Kitchen Stone Countertops: Which Works For You?

Countertops bear the brunt of kitchen work and the more they’re able to endure scratches and moisture, the less often you’ll need to make repairs and replacements. Natural stone is an excellent choice but isn’t cheap while stainless steel is rust-proof and contemporary but dents easily. Similarly, there are other materials that offer much in the way of superior qualities while lacking in others. Here’s a quick breakdown of countertop materials and what they bring to the table.


Laminates are cheap but don’t have to look it. Quality models can offer elegance under a tight budget and even more in the way of resistance to many damaging effects. Stains, heat and impact have little bearing on these affordable materials while installation is easy and so is maintenance. You also have many patterns and colors to pick from, something not always available with other materials.

What does pose a bit of a problem is water seepage through the seams. Laminates have a dark core and a patterned and colored layer on the top so if water seeps in, the two can come apart and look unsightly.


Granite is perfect for heavy countertop use as it’s incredibly hard and difficult to damage. You also have a range of colors and patterns, all natural, which appeals to many consumers. Heat, spillage and knife cuts are endured well.

Despite these hallmarks, granite does chip and filling has to be done by a professional. Stains also make their presence known so regular sealing is necessary.


Concrete is great because it can be customized to suit your specifications. While it has a reputation for being too plain and dull, it can be textured. If left as is, you can also derive a beautiful patina which is completely unique.

The downside of concrete is disappointing.
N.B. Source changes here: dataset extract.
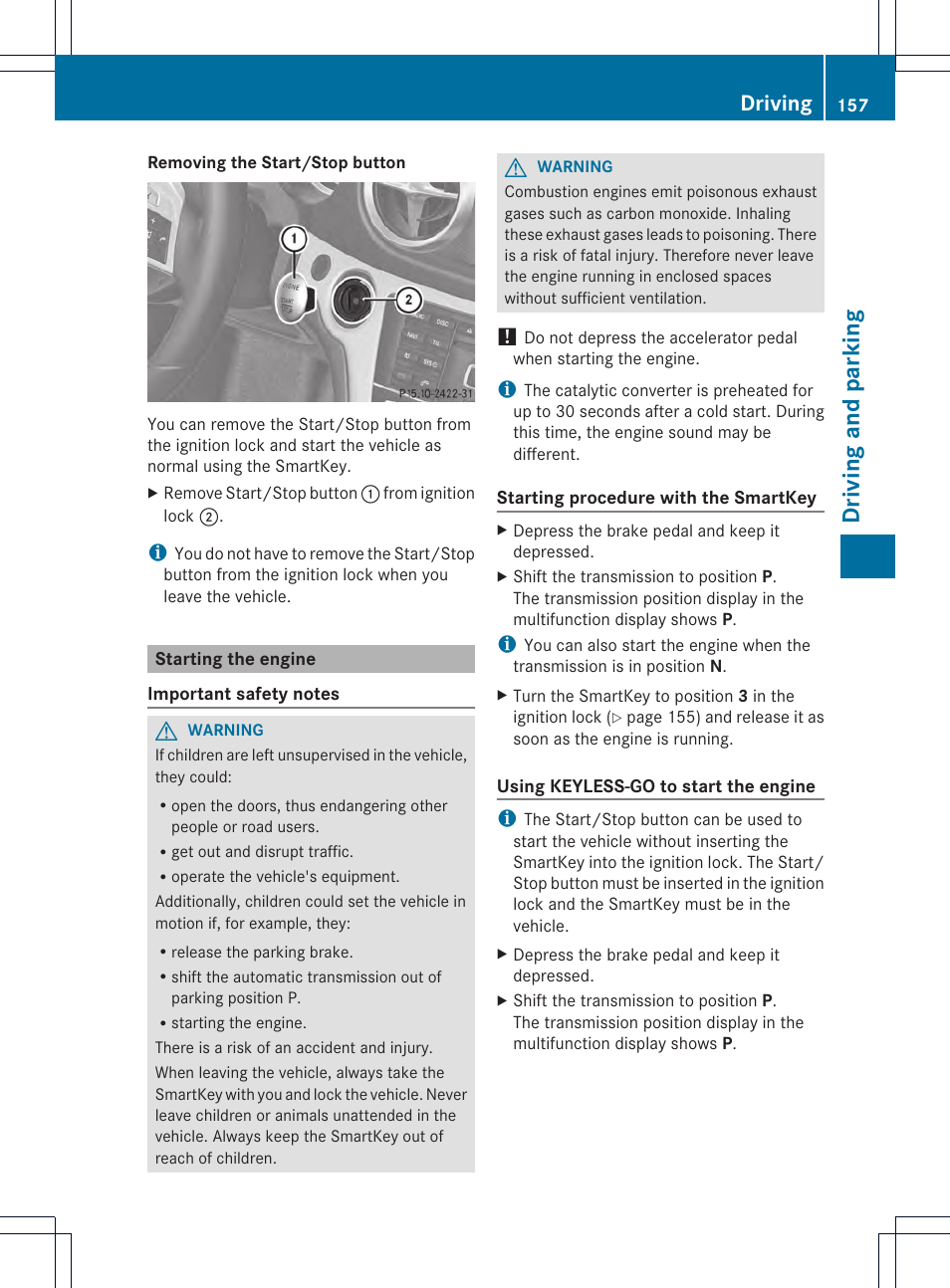 Driving and parking, Driving | Mercedes-Benz SL-Class 2013 Owners Manual User Manual | Page 159 / 590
It scratches and chips easily and is prone to developing hairline cracks. Sealants do the job of protecting it against heat and stains but there’s a twist: penetrating sealers guard against heat damage but not stains and topical sealers protect against stains but not heat.


Quartz is suitable for heavy countertop use and like granite, it can endure spillage, heat and knife cuts. It goes one further by being able to resist stains and water penetration.

Unfortunately, quartz has a tendency to chip and crack which isn’t such a big problem but you’re left with uneven surfaces. To add to the issue, only a professional can repair the damage. What you can do to minimize the effects is to have a fabricator round the edges as sharp corners are more easily damaged.

Stainless steel

Stainless steel is in and most modern kitchens prefer it over the rest. It’s easy to clean, doesn’t rust, burn and stain easily. It also looks great in a kitchen with clean metal accents.

Like the rest of the countertop choices, stainless steel has issues and they could sway your choice in favor of something else. It isn’t dense which means it dents easily and scratches show up clearly. It’s also a magnet for fingerprints which means regular wiping must be done to keep it looking clean. Strong chemicals can also discolor the finish and ruin its appearance.


Ceramic tile is a common choice for kitchen countertops. Cheap, easy to install and quite durable, it has good heat resistance and deters stains from forming. It also complements other materials well.

What ceramic does lack is a resistance to chips and cracks? Grout stains are also common which means regular cleaning must be done to maintain a pristine appearance.